Setting Up Apache ZooKeeper Using the Command Line

Apache ZooKeeper is a highly reliable and available service that provides coordination between distributed processes.

Initialize a Single ZooKeeper Server

The instructions provided here deploy a single ZooKeeper server in standalone mode. This is appropriate for evaluation, testing and development purposes, but does not provide sufficient reliability for a production application. See Initialize Multiple ZooKeeper Servers in a Production Environment for more information.

  1. Create /var/lib/zookeeper and set permissions:
    sudo mkdir -p /var/lib/zookeeper
    sudo chown -R zookeeper /var/lib/zookeeper
  2. Initialize and start ZooKeeper:
    sudo service zookeeper-server init

    This outputs the following message:

    No myid provided, be sure to specify it in /var/lib/zookeeper/myid if using non-standalone

    For a single ZooKeeper server in standalone mode, you can safely ignore this message.

  3. Start ZooKeeper:
    • RHEL 7 compatible:
      sudo systemctl start zookeeper-server
    • RHEL 6 compatible, SLES, Ubuntu:
      sudo service zookeeper-server start
  4. Continue to Setting up Supervisory Process for the ZooKeeper Server.

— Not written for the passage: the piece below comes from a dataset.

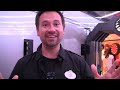 Marvel's Avengers Academy on the Disney Magic cruise ship with Captain America, Iron Man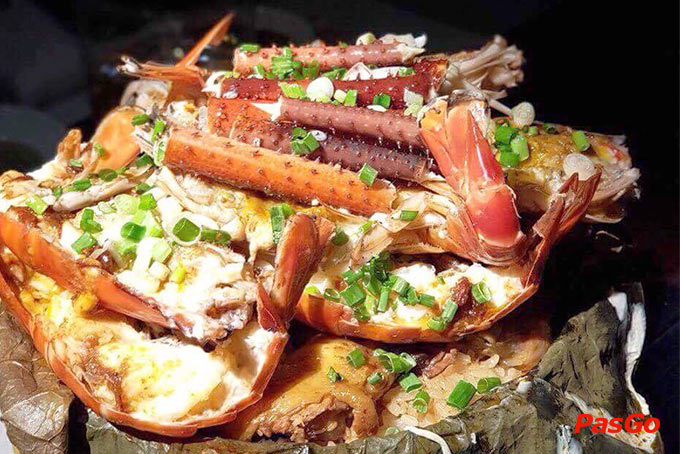 Kim Quán Nguyễn Lương Bằng 7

Initialize Multiple ZooKeeper Servers in a Production Environment

In a production environment, deploy ZooKeeper as an ensemble with an odd number of servers. As long as a majority of the servers in the ensemble are available, the ZooKeeper service will be available. The minimum recommended ensemble size is three ZooKeeper servers, and Cloudera recommends that each server run on a separate machine. In addition, the ZooKeeper server process should have its own dedicated disk storage if possible.

Deploying a ZooKeeper ensemble requires some additional configuration. The configuration file (zoo.cfg) on each server must include a list of all servers in the ensemble, and each server must also have a myid file in its data directory (/var/lib/zookeeper by default) that identifies it as one of the servers in the ensemble.

Perform the following steps on each ZooKeeper server host.
  1. Create a configuration file. This file can be called anything you like, and must specify settings for at least the parameters shown under "Minimum Configuration" in the ZooKeeper Administrator's Guide. You should also configure values for initLimit, syncLimit, and server.n; see the explanations in the administrator's guide. For example:
    tickTime=2000
    dataDir=/var/lib/zookeeper/
    clientPort=2181
    initLimit=5
    syncLimit=2
    server.1=zoo1:2888:3888
    server.2=zoo2:2888:3888
    server.3=zoo3:2888:3888

    In this example, the final three lines are in the form server.id=hostname:port:port. The first port is for a follower in the ensemble to listen on for the leader; the second is for leader election. You set id for each server in the next step.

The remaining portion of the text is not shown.